In a speech in Savannah, Stephens made it even clearer that the establishment of the Confederacy had “put to rest forever all the agitating questions relating to our peculiar institutions–African slavery as it exists among us–the proper status of the negro in our form of civilization. This was the immediate cause of the late rupture and present revolution.” He added that the Confederacy was “founded upon” what he called “the great truth that the negro is not equal to the white man; that slavery, subordination to the superior race, is his natural and moral condition.”

Running successfully for governor of South Carolina in the critical election of 1860, Francis W. Pickens left little doubt of his support for disunion and even war to perpetuate slavery. His sentiments were echoed by his old friend Edward Bryan, who declared in the campaign, “Give us slavery or give us death!” Pickens committed his state–and ours–to a ruinous course. “I would be willing to appeal to the gods of battles,” he defiantly declared, “if need be, cover the state with ruin, conflagration and blood rather than submit.” These are not interpretations by historians; they are statements made at the time by Confederate leaders explaining what they were doing and why.

After the war had been lost, and the Lost Cause was in need of justification, Davis and Stephens backed away from their original statements, casting the cause of the war in the context of “states rights.” Their revisionist interpretation, in which slavery became not the cause but merely the “question” resolved on the field of battle, still misleads many South Carolinians. The historical record, however, clearly shows that the cause for which the South seceded and fought a devastating war was slavery.

Civil War, Economic Causes of (Issue).
Gale Encyclopedia of U.S. Economic History. Eds. Thomas Carson and Mary Bonk. Vol. 1. Detroit: Gale, 1999. p175-178. 2 vols.

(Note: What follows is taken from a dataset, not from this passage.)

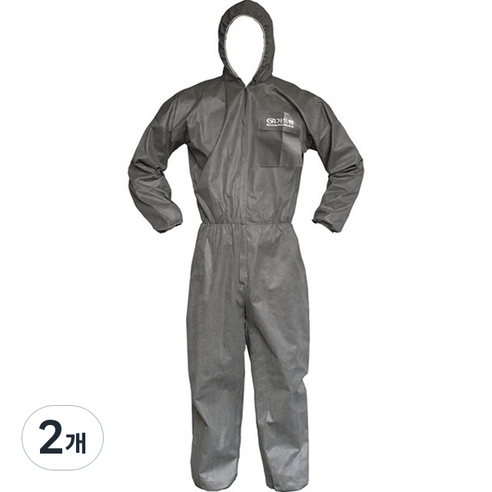 가드맨 PP 원피스 작업복, 회색, 2개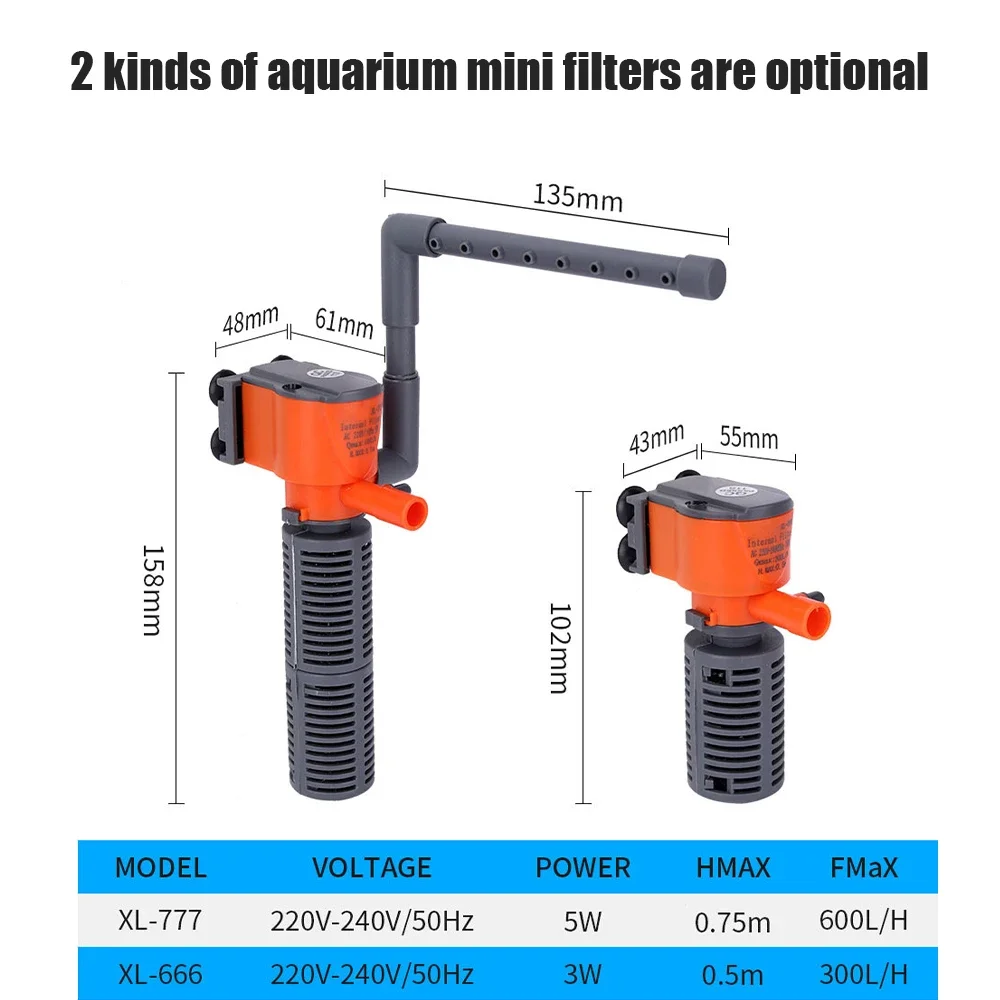 3-in-1 Fish Tank Filter Aquarium Submersible Water Pump AC220-240V Mini Filter Oxygen Air Pump for Small Aquarium Fish Tank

The economic roots of the Civil War reach almost to the beginning of English settlement in North America. The development of an economy based on the use of slave labor to produce staple crops through a plantation system in the South and a more diverse economy in the North based on free labor set the stage for the development of two economies within one country. Increasingly after 1800 the needs of these two economies were incompatible.

The Cause’ of the American Civil War , By: Spicer, John, History Review, 09629610, Sep2004, Issue 49

The causes of the American Civil War can perhaps be linked to one particular issue – that of slavery, in December 1860 Lincoln had written to the future vice-president of the Confederate states, Alexander Stephens, and reiterated his pubic pledge not to interfere with slavery where it already existed, but he also added: ‘I suppose, however, this does not meet the case. You think slavery is right and ought to be extended, while we think it is wrong and ought to be restricted. That I suppose is the rub. It certainly is the only substantial difference between us.’ Later Stephens himself seemed to confirm the significance of the issue by saying that ‘African slavery … was the immediate cause of the late rupture’, and stating that the Confederate government was based upon ‘the great truth that the negro is not equal to the white man; that slavery … is his natural and normal condition.’ South Carolina’s declaration of their reasons for secession cited ‘an increasing hostility on the part of the non-slaveholding States to the institution of slavery.’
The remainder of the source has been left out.